* [Given entries]

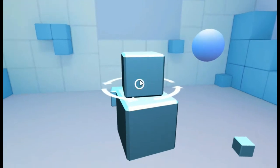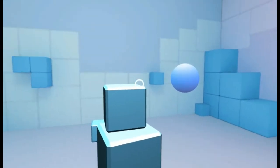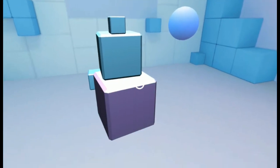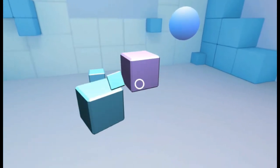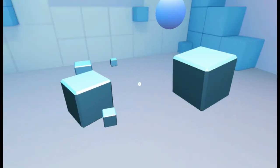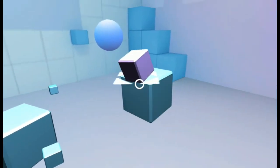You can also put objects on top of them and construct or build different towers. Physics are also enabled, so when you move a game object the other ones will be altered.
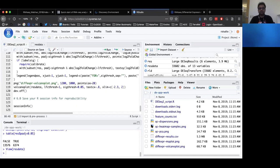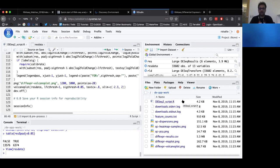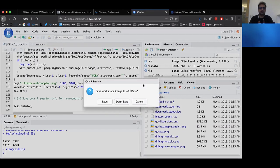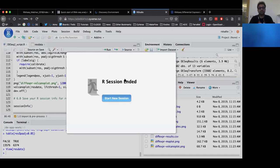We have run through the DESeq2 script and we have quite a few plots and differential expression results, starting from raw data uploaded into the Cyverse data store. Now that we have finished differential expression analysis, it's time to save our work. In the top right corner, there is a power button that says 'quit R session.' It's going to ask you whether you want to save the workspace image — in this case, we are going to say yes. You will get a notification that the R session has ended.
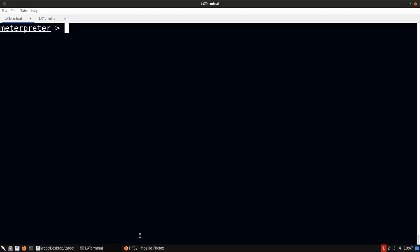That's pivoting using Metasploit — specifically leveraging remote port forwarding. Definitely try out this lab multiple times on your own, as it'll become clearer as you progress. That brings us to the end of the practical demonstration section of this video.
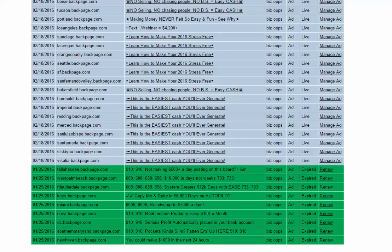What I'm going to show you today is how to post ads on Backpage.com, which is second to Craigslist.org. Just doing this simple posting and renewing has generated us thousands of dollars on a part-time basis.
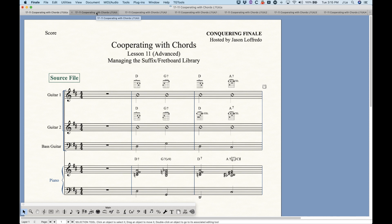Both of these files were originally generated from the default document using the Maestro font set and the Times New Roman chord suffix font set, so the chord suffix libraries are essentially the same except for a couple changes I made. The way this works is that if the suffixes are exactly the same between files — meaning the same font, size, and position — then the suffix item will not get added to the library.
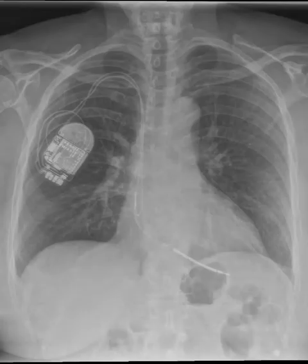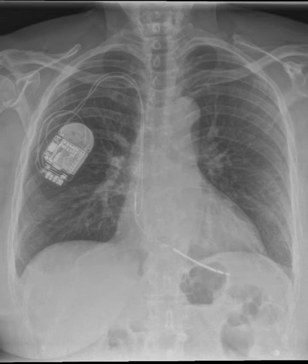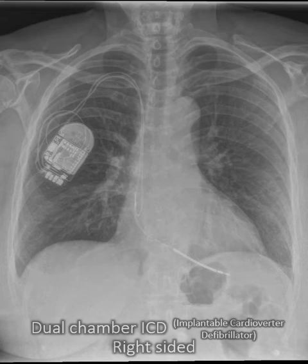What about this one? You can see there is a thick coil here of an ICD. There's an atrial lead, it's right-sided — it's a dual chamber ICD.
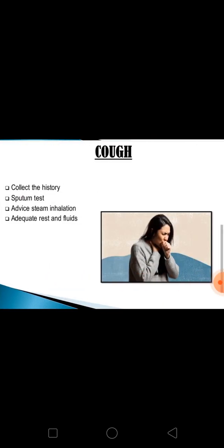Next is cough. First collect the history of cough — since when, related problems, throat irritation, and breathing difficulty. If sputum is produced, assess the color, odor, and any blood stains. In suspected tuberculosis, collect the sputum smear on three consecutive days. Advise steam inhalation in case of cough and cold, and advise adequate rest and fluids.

* [Requirement]
Reproduce only the lines running from the beginning of the entries above to the line holding "That's pivoting using", inclusive. Pictures stay out of the copy.

* [Answer space]
You can also put objects on top of them and construct or build different towers. Physics are also enabled, so when you move a game object the other ones will be altered.
We have run through the DESeq2 script and we have quite a few plots and differential expression results, starting from raw data uploaded into the Cyverse data store. Now that we have finished differential expression analysis, it's time to save our work. In the top right corner, there is a power button that says 'quit R session.' It's going to ask you whether you want to save the workspace image — in this case, we are going to say yes. You will get a notification that the R session has ended.
That's pivoting using Metasploit — specifically leveraging remote port forwarding. Definitely try out this lab multiple times on your own, as it'll become clearer as you progress. That brings us to the end of the practical demonstration section of this video.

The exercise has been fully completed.